Santiago Villarreal Cuéllar
El premio
Nobel de Literatura Mario Vargas Llosa, manifestó en una entrevista para una
revista, que sintió terror cuando vio en un restaurante de New York, una pareja
de jóvenes (hombre y mujer, valga la aclaración), sentados tomando manteles,
pero cada uno con su móvil chateando; el escritor peruano dijo que esa forma de
comunicación le produjo pánico, pues ni juntos dos seres humanos interactúan
porque el celular absorbe ese momento. El novelista y escritor Humberto Eco,
también escribió hace unas semanas en una de sus admirables columnas, que
caminando por una calle se topó con una mujer que venía de frente, con su
mirada clavada en su móvil, chateando; hábilmente el escritor se volvió intencionalmente
de espalda para que la mujer se diera contra él, y quizá así escarmentara; dijo
que la dama apenada pidió disculpas, pero continuó su camino con sus ojos
hechizados en su celular. También el señor Obispo de Neiva, Froilán Casas,
escribió hace un tiempo una magnífica columna en este diario, sobre la
necesidad de prohibir el uso del Blak Berry, y otros aparatos que distraen la
personalidad, ante todo por parte de funcionarios públicos pues según el
prelado, muchas veces dejan de atender al público por mirar el objeto que
hechiza su vida. Dicha afirmación es completamente cierta.
La aparición
de la tecnología celular trajo consigo la modernización de las
telecomunicaciones; aceleró la comunicación entre humanos de forma prodigiosa;
es digno de celebrar; nunca antes el mundo ha estado tan cerca; imagínese usted
comunicándose de las Filipinas, Miami, Moscú, o cualquier otro lugar del globo
con nuestro país en solo fracciones de segundo; tenemos el mundo en nuestras manos.

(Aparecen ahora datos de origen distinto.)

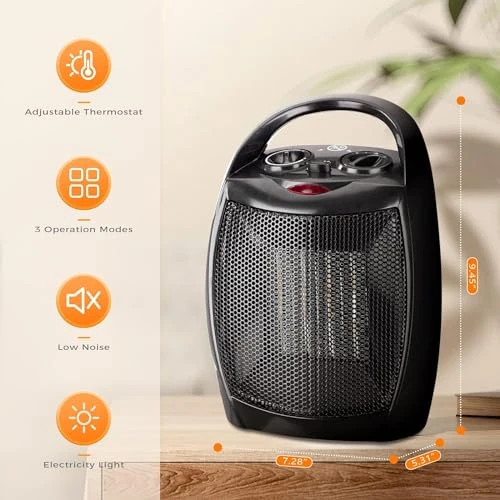 Portable Ceramic Space Heater with Thermostat, 750W/1500W, Antarctic Star
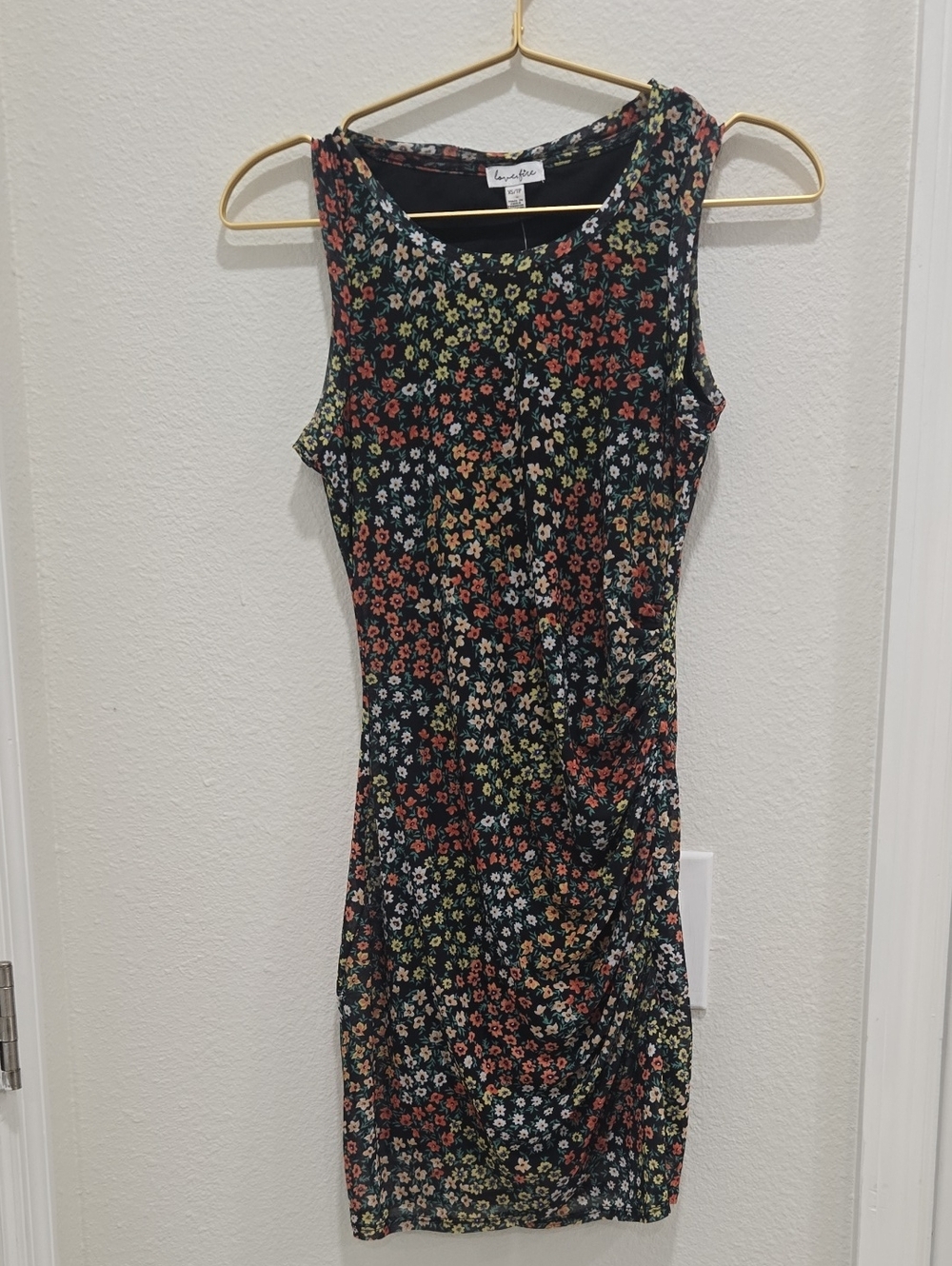 Love Tree Black Floral Fitted Tank Dress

Pero también trajo consigo un nuevo hechizo. La mayoría de personas, incapaces
muchas veces de expresar sus sentimientos personalmente, recurren al aparato
para hacerlo; pero cuando se encuentran frente a frente con esa persona,
enmudecen, no saben qué decir; solo pueden hacerlo por el aparato; el móvil
convertido en hechizo. En las reuniones
sociales, políticas y de trabajo, muchos asistentes ignoran lo que habla
el conferencista porque están ocupados chateando con su celular. No solo es un
acto de mala educación, sino que indica falta de interés por el acto al que
asisten. Muchos miembros de la policía, y el ejército, también permanecen
hipnotizados con el aparato, mientras descuidan su deber constitucional. Cuando
tratamos de insinuar sobre la necesidad de dejar a un lado ese aparato mientras
estamos realizando alguna labor, nos califican de “amargados.” Tengo la
percepción que el celular posee un espíritu cibernético capaz de hechizar a
millones de seres humanos; necesitamos un conjuro.